_PROBLEM TO SOLVE_.
Once the line with "Ereğli Belediyesi haşere" is found in the entries below, repeat it and each following line exactly, up to and including the line with "Harvest Highland Cow on Football". Add no other lines.

ENTRIES PROVIDED: Begin

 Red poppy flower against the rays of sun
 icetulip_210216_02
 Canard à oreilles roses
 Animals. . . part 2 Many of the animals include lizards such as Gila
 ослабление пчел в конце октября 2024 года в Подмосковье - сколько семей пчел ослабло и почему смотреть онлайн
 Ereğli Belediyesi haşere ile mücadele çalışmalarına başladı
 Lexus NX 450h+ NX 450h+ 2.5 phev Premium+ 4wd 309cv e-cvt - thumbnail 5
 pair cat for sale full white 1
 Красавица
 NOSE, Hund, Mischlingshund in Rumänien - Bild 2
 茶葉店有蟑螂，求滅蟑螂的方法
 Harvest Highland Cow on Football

ENTRIES PROVIDED: End
ENTRIES PROVIDED: Begin

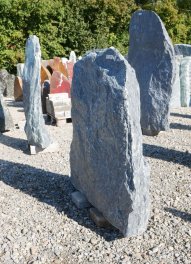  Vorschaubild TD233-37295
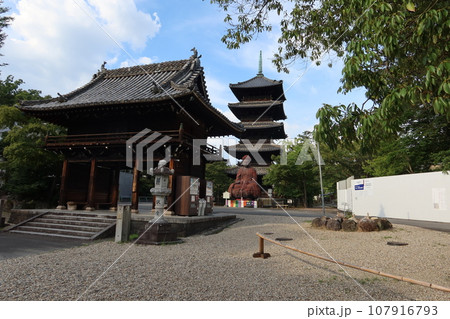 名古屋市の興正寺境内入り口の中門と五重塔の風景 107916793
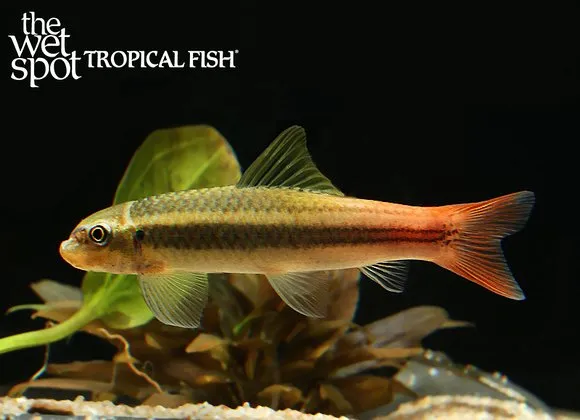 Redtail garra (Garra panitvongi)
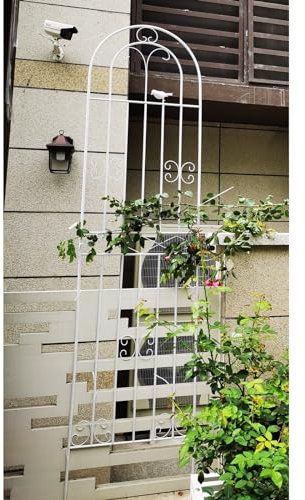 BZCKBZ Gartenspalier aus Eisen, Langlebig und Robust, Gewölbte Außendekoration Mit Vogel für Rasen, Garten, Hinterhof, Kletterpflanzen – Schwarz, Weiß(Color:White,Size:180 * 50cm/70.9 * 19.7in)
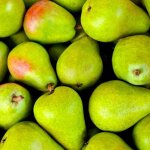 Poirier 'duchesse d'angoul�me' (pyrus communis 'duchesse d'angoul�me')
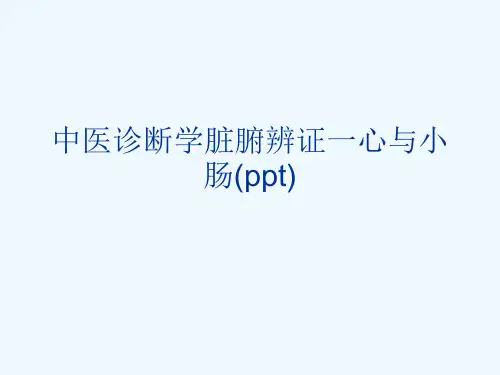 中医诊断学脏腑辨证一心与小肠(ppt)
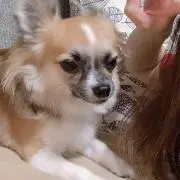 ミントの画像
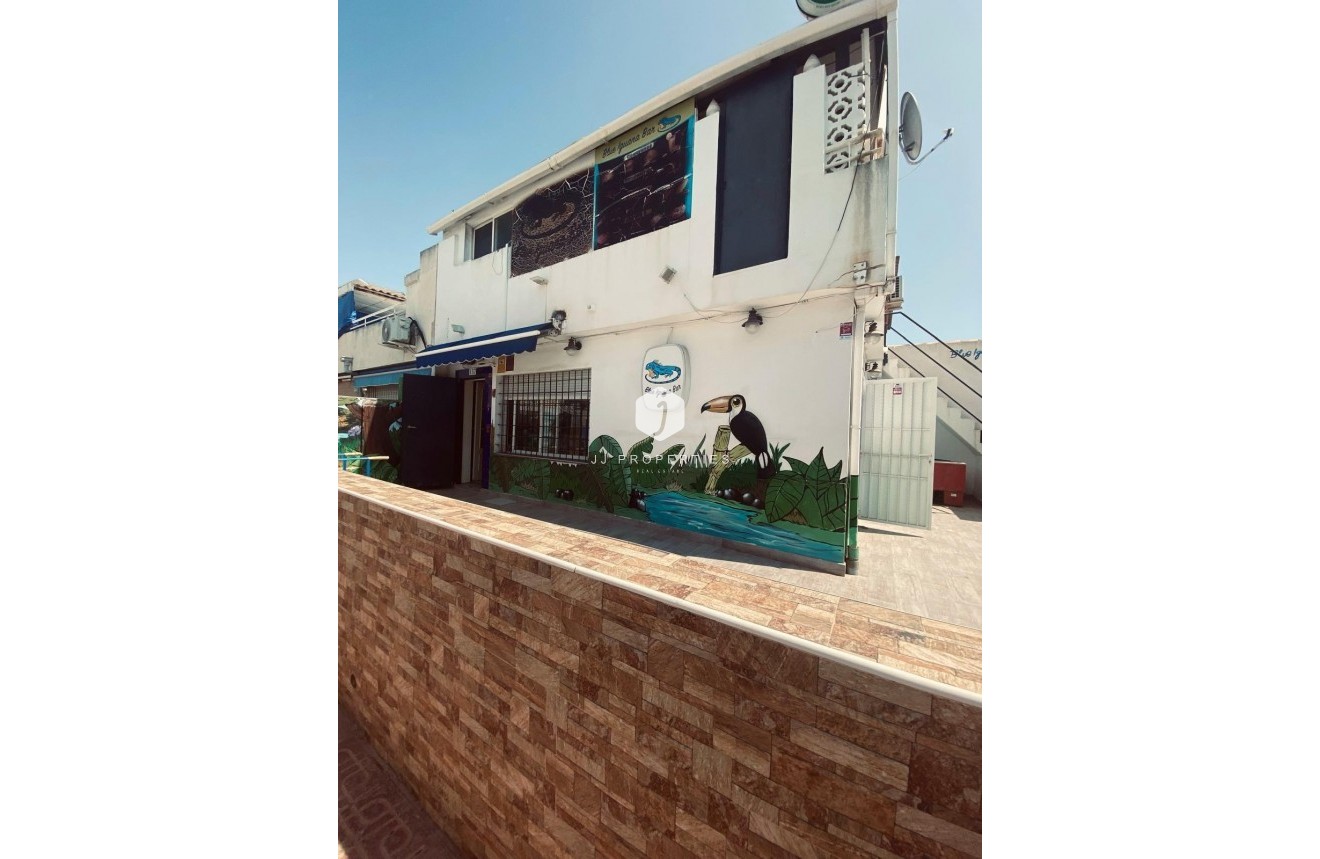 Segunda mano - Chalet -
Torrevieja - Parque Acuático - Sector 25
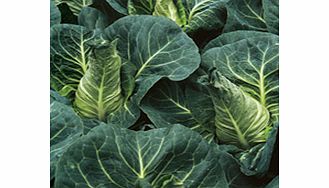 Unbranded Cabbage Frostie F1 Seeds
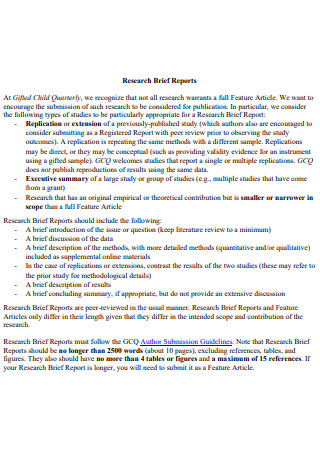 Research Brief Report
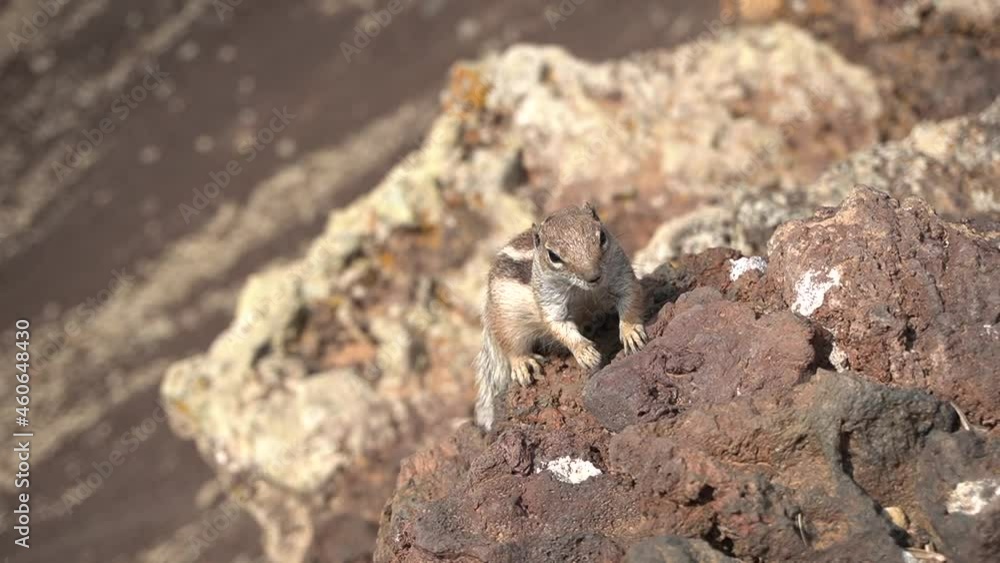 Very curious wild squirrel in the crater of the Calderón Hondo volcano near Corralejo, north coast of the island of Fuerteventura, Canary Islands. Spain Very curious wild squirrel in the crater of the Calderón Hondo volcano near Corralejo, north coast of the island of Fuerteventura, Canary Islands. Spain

ENTRIES PROVIDED: End

_ANSWER SPACE_.
 Ereğli Belediyesi haşere ile mücadele çalışmalarına başladı
 Lexus NX 450h+ NX 450h+ 2.5 phev Premium+ 4wd 309cv e-cvt - thumbnail 5
 pair cat for sale full white 1
 Красавица
 NOSE, Hund, Mischlingshund in Rumänien - Bild 2
 茶葉店有蟑螂，求滅蟑螂的方法
 Harvest Highland Cow on Football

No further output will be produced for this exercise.